In the years that followed, Maar was able to find renewed energy. "Everyone expected me to commit suicide after he left me," she once said. "Even Picasso expected it, and the main reason I didn't kill myself was not to give him the pleasure." Maar began practicing Roman Catholicism, continued painting, and actively participated in the Parisian social circle for a few years. She dabbled in photographer occasionally over the years--even creating some new images in the early 1980s using her old negatives from the 30s--but mostly avoided talking about her past as a photographer. Towards the end of her life, she became reclusive, rarely venturing out and most often only leaving her home for mass and religious services. She died in July of 1997 after collapsing on the street.

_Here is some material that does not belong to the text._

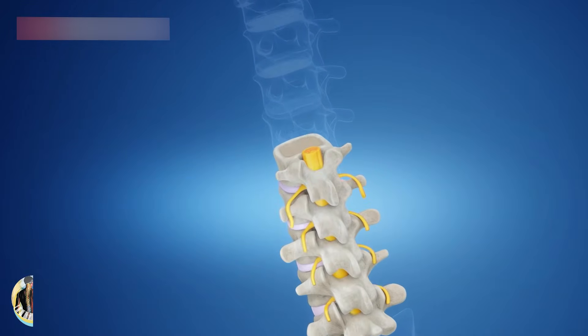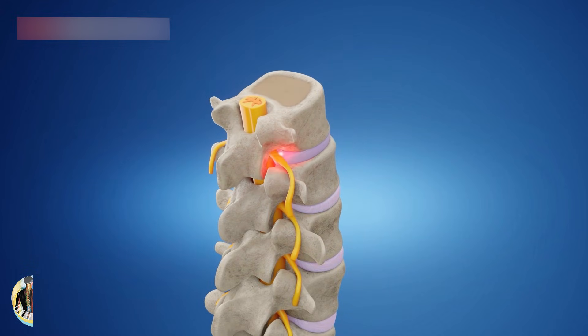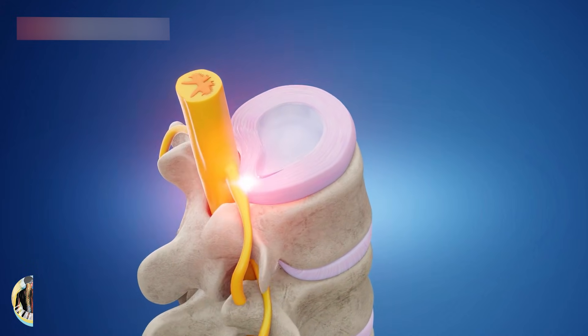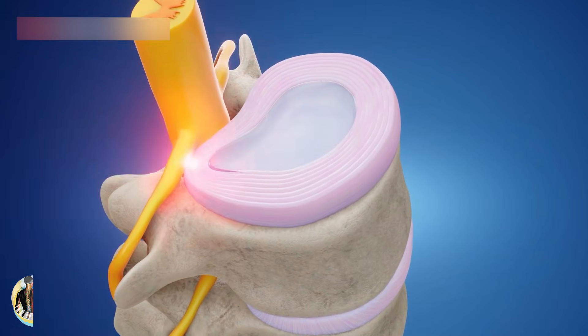To start, the skin of your back is numbed. The doctor inserts a needle through the numbed skin. A video x-ray device called a fluoroscope helps guide the needle into your bulging disc. A guide wire is passed through the needle, and the needle is removed.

Louise Baring does an excellent job of bringing the mysterious Dora Maar into the light in this new publication. No longer is she Dora Maar, Picasso's mistress, but a human being--an artist, a photographer, and an intellectual--in her own right. Baring carefully uses quotes from contemporaries and historians to help provide an intimate and rounded view of her life, as well as quotes from Maar herself, and even several snippets of her poetry. The book is filled with photographs and images, mostly by Maar, which are reproduced in high quality. Many of the images have never been published before and are a true delight to see in print.

I heartily recommend Dora Maar: Paris in the Time of Man Ray, Jean Cocteau, and Picasso to anyone with an interest in learning more about Maar than her role as Picasso's muse; the long overdue look at the engaging, surreal and memorable photography of Dora Maar is particularly worthwhile to students of photography and art as a whole.